Wife of the Abbasid caliph
- Tenure: 13 August 908 – 31 October 932
- Born: 895/99 Baghdad
- Died: 940s Baghdad
- Spouse: al-Muqtadir (until his death 932)

Names
- Hurra bint Badr al-Mu'tadidi
- Father: Abu'l-Najm Badr al-Mu'tadidi
- Religion: Sunni Islam

= Hurra bint Badr =

Wife of Abbasid caliph al-Muqtadir

Hurra bint Badr (حرة بنت بدر) was the principal wife of eighteenth Abbasid caliph al-Muqtadir until his death in 932.

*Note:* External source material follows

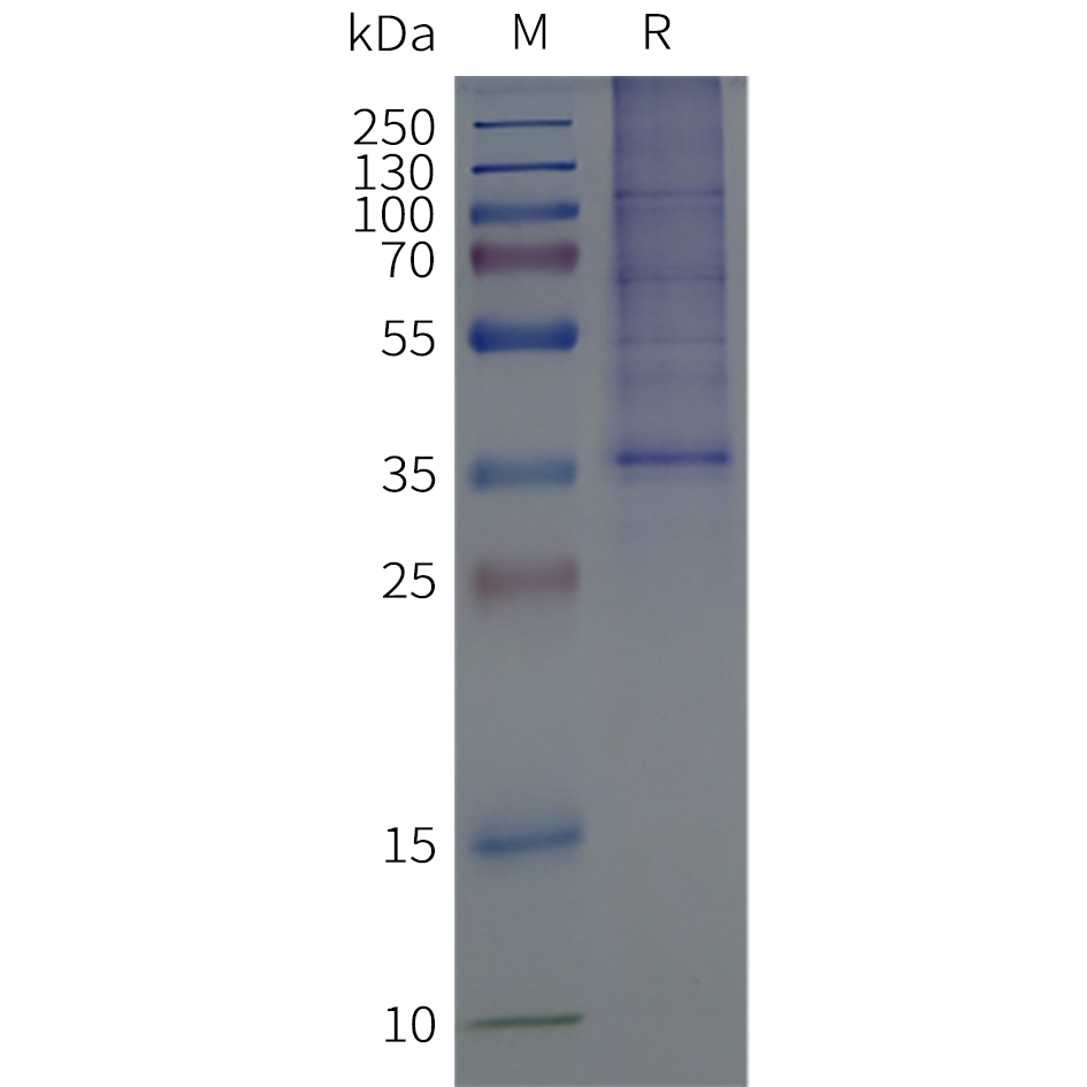 page-flp120378 gpr68 strep sp1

Her name, hurra literally means free woman. She and her husband both were very young when there marriage was arranged. She married Jaʿfar (future Abbasid caliph al-Muqtadir) in 900s and joined the Abbasid harem.

Her father was originally a military slave (ghulam or malwa) who served under the caliph al-Mu'tadid. His ability and loyalty led him to become the Caliph's commander-in-chief, exercising considerable influence in the governance of the state throughout Mu'tadid's reign. He was executed on 14 August 902 due to the machinations of the ambitious vizier, al-Qasim ibn Ubayd Allah.

Her husband, al-Muqtadir was the first underage Caliph in Muslim history. He came to power in 908 after his brother's death.
Hurra was al-Muqtadir's only wife. She was the daughter of Commander-in-Chief, Badr al-Mu'tadidi.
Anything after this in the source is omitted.